WHAT YOU SHOULD DO ::
Copy nothing but the lines below running from the line containing "Leeks with meat" through the line containing "Image showing mother", both end lines included.

(STORED DATA begins)

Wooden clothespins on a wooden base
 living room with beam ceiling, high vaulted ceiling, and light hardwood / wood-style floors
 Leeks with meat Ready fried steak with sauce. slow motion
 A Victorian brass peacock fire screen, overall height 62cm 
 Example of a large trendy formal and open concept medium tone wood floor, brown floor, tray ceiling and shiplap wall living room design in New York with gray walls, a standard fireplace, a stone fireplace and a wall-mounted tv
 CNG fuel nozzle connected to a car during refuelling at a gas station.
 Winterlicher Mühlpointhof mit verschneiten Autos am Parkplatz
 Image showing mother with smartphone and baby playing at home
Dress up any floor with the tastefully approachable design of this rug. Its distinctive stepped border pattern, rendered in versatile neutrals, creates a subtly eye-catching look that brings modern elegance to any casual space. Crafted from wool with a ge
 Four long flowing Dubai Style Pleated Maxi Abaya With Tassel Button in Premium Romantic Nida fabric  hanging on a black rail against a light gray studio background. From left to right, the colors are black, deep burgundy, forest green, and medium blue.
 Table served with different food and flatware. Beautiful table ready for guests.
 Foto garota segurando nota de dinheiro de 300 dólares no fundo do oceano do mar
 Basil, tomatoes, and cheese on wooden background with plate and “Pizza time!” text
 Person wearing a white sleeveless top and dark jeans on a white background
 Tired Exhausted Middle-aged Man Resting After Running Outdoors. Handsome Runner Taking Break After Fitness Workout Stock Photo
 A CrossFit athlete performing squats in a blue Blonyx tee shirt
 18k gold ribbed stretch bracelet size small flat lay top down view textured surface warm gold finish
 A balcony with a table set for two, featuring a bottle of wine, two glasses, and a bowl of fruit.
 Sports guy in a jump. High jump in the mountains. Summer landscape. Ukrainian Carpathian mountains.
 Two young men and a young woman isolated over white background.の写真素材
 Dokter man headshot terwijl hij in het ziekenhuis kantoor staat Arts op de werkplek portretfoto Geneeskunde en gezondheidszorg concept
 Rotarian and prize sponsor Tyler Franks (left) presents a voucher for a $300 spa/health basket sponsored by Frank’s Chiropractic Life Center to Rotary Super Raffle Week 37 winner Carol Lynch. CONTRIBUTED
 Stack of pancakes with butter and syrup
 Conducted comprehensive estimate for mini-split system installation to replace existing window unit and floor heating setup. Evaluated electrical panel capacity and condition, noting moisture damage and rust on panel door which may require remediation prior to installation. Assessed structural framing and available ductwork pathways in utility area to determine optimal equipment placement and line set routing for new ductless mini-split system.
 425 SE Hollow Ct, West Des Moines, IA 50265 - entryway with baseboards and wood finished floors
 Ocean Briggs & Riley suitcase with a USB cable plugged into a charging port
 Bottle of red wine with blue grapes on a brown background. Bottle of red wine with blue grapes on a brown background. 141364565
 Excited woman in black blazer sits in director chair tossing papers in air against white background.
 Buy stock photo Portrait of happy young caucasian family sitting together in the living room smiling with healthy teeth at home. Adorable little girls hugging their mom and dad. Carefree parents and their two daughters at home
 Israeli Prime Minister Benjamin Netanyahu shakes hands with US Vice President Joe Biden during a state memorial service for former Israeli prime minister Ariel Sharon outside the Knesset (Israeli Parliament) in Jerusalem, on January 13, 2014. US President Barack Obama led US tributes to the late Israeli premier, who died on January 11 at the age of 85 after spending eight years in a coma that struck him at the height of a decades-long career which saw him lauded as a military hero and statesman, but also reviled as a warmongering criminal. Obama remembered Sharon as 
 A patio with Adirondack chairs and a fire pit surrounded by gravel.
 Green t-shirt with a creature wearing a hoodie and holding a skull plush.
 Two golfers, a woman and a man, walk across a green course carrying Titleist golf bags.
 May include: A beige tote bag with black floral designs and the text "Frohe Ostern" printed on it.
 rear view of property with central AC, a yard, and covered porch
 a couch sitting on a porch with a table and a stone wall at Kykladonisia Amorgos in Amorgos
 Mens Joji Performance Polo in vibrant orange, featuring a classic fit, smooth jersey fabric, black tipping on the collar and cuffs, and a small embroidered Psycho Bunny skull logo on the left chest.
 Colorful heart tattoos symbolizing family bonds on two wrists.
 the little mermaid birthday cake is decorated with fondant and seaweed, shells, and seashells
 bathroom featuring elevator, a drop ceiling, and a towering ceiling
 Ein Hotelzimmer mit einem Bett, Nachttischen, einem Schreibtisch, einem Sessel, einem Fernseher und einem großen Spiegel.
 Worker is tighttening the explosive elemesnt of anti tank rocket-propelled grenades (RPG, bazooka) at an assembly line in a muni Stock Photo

(STORED DATA ends)

EXPECTED ANSWER ::
 Leeks with meat Ready fried steak with sauce. slow motion
 A Victorian brass peacock fire screen, overall height 62cm 
 Example of a large trendy formal and open concept medium tone wood floor, brown floor, tray ceiling and shiplap wall living room design in New York with gray walls, a standard fireplace, a stone fireplace and a wall-mounted tv
 CNG fuel nozzle connected to a car during refuelling at a gas station.
 Winterlicher Mühlpointhof mit verschneiten Autos am Parkplatz
 Image showing mother with smartphone and baby playing at home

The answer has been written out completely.